Current reforms fail to address the root of Britain’s educational downward spiral. Lavishing millions on architectural masterpieces, although artistically laudable, has proved resoundingly disappointing academically. The government is effectively attempting to dress up the same old syllabus and “one size fits all” education in a new suit. Mr Gove would be wise to do exactly the opposite, by looking back at Britain’s previous position at the vanguard of educational achievement and rewriting it in a 21st century context: he should bring back the Grammar Schools.
Grammar schools symbolised, to many, the principles of the British way of life – the right to succeed based on merit and a strong work ethic alone. Many on the Left bitterly derided these institutions as enforcing class segregation and consigning millions to a sense of worthlessness for not having passed the entrance exam at eleven. Admittedly, it is easy to look back at the two-tiered system nostalgically and attribute Britain’s previous coveted position solely to Grammar schools. To suggest that a child’s life should be determined at the tender age of eleven and that anyone who fails the entrance exam should be resigned to a factory production line is ridiculous. But the values embodied by the grammar school system are something that we can learn from.
Above all, it is the egalitarian principles imbued by Grammar schools that are most conducive to success. Grammar schools arose from the same meritocratic principles that saw Frederic II of Prussia build one of the world’s first modern societies, based on achievement rather than patronage. Grammar school pupils were built to be leaders of an empire, to conquer the world. This culture of fierce competitiveness has been replaced by a system that fails to reward success, for fear of offending.
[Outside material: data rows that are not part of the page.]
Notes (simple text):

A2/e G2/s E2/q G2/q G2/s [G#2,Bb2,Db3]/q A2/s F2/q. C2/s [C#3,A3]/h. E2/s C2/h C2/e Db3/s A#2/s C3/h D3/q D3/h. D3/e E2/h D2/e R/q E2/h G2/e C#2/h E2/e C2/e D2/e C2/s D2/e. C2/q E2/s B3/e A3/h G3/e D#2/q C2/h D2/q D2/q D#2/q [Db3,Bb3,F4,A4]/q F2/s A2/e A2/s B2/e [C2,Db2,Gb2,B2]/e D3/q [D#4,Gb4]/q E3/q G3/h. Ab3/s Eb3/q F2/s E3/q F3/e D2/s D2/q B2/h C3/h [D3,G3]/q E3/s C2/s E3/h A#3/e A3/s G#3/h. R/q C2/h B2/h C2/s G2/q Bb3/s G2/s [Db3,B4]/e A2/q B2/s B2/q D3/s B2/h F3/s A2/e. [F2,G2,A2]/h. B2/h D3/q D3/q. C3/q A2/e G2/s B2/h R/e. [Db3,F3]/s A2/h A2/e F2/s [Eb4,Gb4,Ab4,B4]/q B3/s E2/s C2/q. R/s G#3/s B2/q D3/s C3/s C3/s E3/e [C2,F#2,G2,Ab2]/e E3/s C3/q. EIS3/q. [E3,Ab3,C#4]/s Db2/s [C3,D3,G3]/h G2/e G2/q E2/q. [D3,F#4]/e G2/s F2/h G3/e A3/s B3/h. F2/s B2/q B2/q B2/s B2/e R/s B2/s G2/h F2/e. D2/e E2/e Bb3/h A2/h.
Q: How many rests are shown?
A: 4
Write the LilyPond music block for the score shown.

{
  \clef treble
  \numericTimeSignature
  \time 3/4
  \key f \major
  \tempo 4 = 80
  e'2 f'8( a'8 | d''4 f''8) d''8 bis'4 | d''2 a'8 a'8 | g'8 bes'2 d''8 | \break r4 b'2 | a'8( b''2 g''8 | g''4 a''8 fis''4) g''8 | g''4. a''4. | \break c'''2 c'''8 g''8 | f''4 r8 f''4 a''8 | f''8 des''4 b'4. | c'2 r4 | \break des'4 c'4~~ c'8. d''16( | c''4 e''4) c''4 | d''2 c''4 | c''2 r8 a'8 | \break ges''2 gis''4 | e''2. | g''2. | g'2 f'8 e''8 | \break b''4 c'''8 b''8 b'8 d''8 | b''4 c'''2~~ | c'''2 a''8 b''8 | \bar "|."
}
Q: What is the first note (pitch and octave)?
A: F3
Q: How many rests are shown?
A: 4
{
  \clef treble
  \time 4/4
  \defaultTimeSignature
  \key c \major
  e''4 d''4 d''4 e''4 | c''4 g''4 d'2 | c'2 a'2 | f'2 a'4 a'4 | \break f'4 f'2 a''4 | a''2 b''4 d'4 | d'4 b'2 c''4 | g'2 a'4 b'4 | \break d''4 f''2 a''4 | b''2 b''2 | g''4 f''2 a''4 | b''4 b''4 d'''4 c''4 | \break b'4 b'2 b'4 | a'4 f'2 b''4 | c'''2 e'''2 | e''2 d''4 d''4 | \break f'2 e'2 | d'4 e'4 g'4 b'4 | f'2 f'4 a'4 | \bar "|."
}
The fact that Britain has one of the largest independent education sectors of any developed nation is rather embarrassing. Britain finds herself regressing in social mobility thanks to an education system based on wealth rather than crude intellect. It is, ironically, the disappearance of grammar schools from the mainstream education sector that has hampered rather than facilitated social mobility. As in a failed communist state, the majority are herded into mediocrity and the rich pay to get out.
Grammar schools created an environment where success was celebrated in a fiercely competitive environment. It has become all too fashionable to place the blame on the supposed elitism of Oxbridge, and its bias towards its in-crowd of toffee nosed Etonians, rather than face the fact that state schools simply don’t offer enough of the sort of education so essential to Oxbridge success. It is this feeling of victimisation present in British state schools that is the root of academic underachievement. The onus is no longer placed on the individual but on the collective. By creating a culture of endless retakes and modules, exam failure is no longer seen as the fault of the student but the fault of society.
The disappearance of competitive sport from state schools has created an environment where to win is to oppress rather than to succeed. By being fed watered down education syllabuses and denied the full fat academic rigour his privately educated counterpart has access to, the state school pupil has been rendered an itinerant refugee, wandering from one failed educational framework to another.
Rather than take the intercity express towards educational success, through learning through tried and tested methods, Mr Gove prefers to weigh himself down by the Left’s bitterness towards grammar schools. Instead he has climbed aboard the diesel locomotive destined for disaster in a world where we can no longer afford to adopt be so complacent.